At FANDOM we believe our applications should be resilient, that is they should be able to recover from failures and while the failure occurs still be useful for the users. Health checks are one of the ways to make applications self-healing.
The idea is that the health checks detect when an instance of the application reaches an invalid state. A supervisor monitors those health checks and attempts to fix any issues. Depending on your platform the action might be different.
Many frameworks (like Dropwizard and Spring) and platforms (like Kubernetes and Marathon) encourage you to implement health checks for your web applications.
When a health check fails, AWS will stop sending requests to that instance. That’s pretty straightforward — we suspect the application is not healthy, so it might not respond correctly. Decreasing load on it might also help it recover. In Kubernetes, there’s a readiness probe behaves like AWS. There’s also a liveness probe which will terminate an unhealthy instance and start up another one. Marathon (Mesos) will also terminate unhealthy instances and start up new ones.
Do you know how a software engineer fixes a broken car?
The software engineer exits the car, closes the door, opens the door, enters the car and starts up the engine.
Restarting is a pretty well established way of dealing with faults. Although the code does not change, restarting can resolve many issues, especially those related to deadlocks, memory usage and network issues. A restart will often jolt your application out of an invalid state, which may be unlikely to be reached again or maybe at least until the next day at the office when someone can take a look at it and fix it.
So what’s wrong with using health checks?
Well, as we’ve learned the hard way, implementing health checks which rely on the application’s dependencies may result in lower availability.
- The application can fulfill some of its functionality even if one of its dependencies is not available.
- Restarting the application degrades its functionality even further.
Let’s say you’ve got a simple monolithic application serving some static assets, using a single database and a message broker doing some background tasks.
The database is not available, so command (PUT/DELETE/POST) requests will fail, some queries will also fail, but generally your service should be serving pages, maybe some with “Try again later” messages.
If your application health checks are affected by the database availability then your supervisor will stop directing traffic to your application or restart it.
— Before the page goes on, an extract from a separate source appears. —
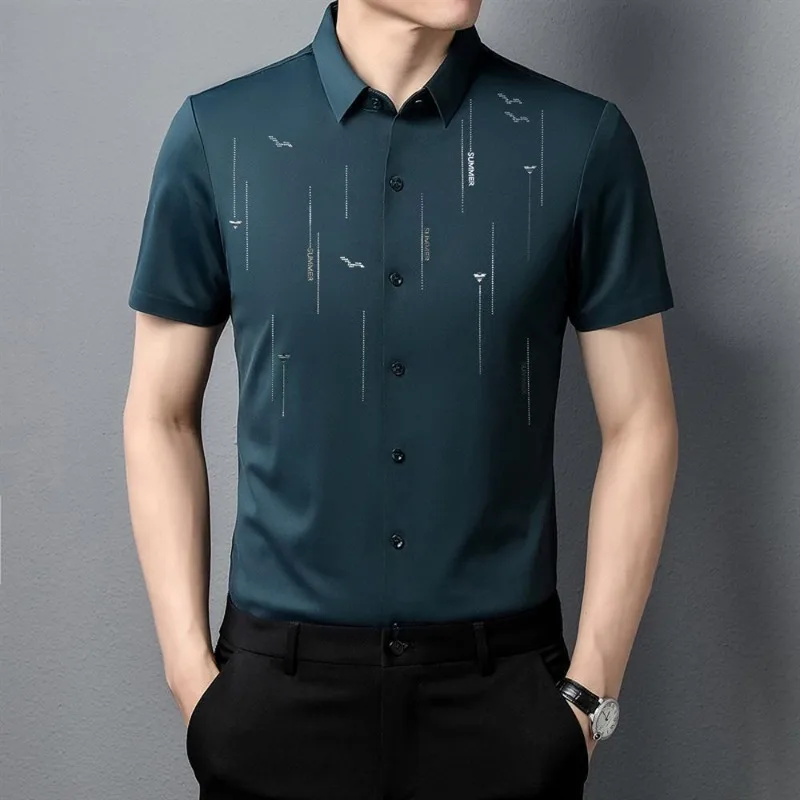 Summer Fashion New Ice Silk Men\'s T-shirt Short Sleeve Solid Turn-down Collar Striped Business Letter Button Casual Tops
That means:
- The application will stop serving any requests.
- Restarting may cancel and will stop background tasks.
- Depending on your implementation, your application may not start up if it cannot reach the database.
So what to do about it?
Remove health checks which rely on dependencies
Make sure (experimentally) your application can recover if a dependency becomes unavailable, starts responding slowly or not at all and when you hammer it with a high number of requests or requests which will be handled for a long time.
If a client to a dependency had a bug introduced after your latest upgrade and connection recovery does not work, then this may wake you up if you happen to be on-call at that time.
Implement your own restart policy
Immediately restarting an unhealthy instance may cause issues, so depending on your platform it may be prudent to change that. Possible policies that may allow you to use aggressive health checks while not decreasing application availability may be: Restarting only one unhealthy instance at a time and waiting until a new one starts up and becomes healthy, or Starting up a new instance before killing the unhealthy ones and killing only the youngest unhealthy ones over the limit of instances
If you’re using Kubernetes, a good place to start might be this page.
What else can you do?
A few good practices we’re following:
- Don’t set up health checks which rely on dependencies.
- Set up health checks verifying your application is responding
- If your application consists of a HTTP server and it’s handling basic HTTP requests (in the same thread pool that it’s handling other requests), this will indicate that your application has enough threads, CPU, memory and sockets to function properly.
- Set up separate health checks for your dependencies, like databases and message brokers
- Add monitoring and alerting for both your applications and their dependencies.
There are strategies and tools you can use when a dependency is unavailable, for example caching or fallbacks, but that’s a topic for another blog post.